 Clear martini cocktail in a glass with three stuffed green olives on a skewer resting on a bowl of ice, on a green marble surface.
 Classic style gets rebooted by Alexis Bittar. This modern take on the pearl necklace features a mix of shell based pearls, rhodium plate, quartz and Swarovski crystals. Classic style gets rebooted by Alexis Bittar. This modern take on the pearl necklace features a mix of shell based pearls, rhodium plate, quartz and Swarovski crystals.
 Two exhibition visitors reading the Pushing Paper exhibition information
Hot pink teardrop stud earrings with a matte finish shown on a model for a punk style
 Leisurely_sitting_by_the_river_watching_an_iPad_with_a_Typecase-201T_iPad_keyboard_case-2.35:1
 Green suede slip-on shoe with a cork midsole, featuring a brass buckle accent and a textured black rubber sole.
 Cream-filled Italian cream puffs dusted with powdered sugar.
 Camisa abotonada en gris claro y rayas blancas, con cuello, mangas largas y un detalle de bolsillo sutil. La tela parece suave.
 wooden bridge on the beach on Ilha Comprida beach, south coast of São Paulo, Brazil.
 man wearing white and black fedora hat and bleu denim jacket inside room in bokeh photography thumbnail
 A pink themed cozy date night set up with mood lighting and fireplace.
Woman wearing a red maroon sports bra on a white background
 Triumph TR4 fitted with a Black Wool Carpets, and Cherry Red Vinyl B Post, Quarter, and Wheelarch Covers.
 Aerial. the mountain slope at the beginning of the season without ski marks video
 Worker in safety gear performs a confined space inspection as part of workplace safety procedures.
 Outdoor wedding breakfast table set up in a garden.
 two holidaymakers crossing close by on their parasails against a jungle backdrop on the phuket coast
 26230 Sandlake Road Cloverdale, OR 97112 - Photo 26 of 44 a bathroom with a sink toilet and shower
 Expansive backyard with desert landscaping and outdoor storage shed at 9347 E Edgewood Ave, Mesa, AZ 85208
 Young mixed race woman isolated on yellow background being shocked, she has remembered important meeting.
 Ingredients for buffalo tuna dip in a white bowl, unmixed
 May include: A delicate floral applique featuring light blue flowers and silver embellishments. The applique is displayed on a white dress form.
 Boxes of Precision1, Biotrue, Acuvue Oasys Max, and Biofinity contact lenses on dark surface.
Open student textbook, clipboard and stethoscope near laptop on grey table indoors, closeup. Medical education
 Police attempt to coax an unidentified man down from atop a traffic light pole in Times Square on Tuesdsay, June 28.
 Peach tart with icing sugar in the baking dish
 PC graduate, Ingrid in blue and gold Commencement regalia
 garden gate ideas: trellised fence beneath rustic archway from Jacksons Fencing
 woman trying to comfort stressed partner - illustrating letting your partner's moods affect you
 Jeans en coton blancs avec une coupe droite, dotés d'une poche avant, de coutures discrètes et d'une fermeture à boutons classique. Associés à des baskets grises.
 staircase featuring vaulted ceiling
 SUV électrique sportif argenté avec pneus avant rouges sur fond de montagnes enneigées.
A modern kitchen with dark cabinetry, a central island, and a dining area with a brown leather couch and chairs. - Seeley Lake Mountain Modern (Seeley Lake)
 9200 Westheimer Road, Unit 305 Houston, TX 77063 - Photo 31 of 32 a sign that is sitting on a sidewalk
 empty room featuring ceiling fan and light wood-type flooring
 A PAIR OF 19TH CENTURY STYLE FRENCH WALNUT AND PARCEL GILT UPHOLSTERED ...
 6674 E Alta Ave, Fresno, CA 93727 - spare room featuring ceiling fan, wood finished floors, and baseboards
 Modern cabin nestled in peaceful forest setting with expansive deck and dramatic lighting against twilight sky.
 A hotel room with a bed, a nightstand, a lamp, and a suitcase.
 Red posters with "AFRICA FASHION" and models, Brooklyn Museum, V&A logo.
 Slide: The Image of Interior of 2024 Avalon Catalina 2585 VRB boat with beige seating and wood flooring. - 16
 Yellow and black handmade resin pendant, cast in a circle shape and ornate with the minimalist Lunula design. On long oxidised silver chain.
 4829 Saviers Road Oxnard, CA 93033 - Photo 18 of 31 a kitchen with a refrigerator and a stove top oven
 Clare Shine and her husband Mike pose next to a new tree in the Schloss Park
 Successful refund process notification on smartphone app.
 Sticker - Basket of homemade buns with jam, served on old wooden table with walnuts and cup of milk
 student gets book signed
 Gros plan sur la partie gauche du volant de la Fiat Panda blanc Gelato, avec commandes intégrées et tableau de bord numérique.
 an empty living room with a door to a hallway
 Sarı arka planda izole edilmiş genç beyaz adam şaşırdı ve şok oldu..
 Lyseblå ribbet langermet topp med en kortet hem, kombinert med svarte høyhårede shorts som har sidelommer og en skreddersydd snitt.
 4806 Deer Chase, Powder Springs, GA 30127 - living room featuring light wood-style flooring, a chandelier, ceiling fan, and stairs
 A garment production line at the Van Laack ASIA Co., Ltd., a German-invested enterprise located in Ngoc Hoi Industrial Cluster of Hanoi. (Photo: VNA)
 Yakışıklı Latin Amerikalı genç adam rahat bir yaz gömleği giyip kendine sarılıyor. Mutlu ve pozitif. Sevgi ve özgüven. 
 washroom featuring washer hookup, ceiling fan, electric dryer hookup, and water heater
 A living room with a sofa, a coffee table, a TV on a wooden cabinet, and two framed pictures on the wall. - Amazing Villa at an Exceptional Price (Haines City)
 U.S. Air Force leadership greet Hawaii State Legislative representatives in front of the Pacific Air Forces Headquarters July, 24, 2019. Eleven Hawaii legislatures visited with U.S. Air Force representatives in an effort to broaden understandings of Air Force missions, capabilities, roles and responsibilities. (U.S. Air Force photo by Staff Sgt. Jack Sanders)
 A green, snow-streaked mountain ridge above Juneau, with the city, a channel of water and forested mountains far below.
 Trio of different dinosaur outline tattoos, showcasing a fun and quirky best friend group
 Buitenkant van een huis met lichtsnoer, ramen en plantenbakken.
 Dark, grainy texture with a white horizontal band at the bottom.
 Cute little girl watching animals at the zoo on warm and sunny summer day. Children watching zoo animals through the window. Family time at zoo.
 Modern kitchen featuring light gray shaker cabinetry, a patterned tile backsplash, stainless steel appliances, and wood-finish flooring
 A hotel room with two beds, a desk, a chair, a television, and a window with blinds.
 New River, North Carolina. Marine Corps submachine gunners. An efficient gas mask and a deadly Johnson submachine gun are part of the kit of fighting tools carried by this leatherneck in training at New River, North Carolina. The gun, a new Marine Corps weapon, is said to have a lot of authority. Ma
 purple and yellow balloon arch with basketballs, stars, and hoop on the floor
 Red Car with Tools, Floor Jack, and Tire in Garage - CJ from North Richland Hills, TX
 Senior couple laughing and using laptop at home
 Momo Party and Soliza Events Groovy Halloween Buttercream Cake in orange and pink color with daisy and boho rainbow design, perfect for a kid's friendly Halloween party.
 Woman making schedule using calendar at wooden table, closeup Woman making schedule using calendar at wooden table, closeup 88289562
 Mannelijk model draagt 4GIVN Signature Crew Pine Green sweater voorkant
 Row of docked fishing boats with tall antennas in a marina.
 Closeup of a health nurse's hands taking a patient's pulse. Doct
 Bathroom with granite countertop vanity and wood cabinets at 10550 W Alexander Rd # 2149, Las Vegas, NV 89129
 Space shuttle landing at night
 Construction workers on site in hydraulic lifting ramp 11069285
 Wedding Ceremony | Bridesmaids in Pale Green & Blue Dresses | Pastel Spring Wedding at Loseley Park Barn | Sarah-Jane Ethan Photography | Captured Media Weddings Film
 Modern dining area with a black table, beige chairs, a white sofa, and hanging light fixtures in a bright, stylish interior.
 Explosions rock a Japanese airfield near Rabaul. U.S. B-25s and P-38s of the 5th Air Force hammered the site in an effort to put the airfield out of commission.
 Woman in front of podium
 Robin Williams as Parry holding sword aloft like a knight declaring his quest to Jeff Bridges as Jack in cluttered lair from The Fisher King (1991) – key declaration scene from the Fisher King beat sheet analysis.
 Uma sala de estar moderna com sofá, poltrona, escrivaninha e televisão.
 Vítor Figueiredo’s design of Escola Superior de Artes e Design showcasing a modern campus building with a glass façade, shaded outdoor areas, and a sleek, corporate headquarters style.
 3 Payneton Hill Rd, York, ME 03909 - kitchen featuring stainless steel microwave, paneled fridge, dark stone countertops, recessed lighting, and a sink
______
:: What the exercise asks ::
The lines above from the one containing "Jeans en coton" through the one containing "SUV électrique sportif" are to be set down exactly, and no others.

:: Task result ::
 Jeans en coton blancs avec une coupe droite, dotés d'une poche avant, de coutures discrètes et d'une fermeture à boutons classique. Associés à des baskets grises.
 staircase featuring vaulted ceiling
 SUV électrique sportif argenté avec pneus avant rouges sur fond de montagnes enneigées.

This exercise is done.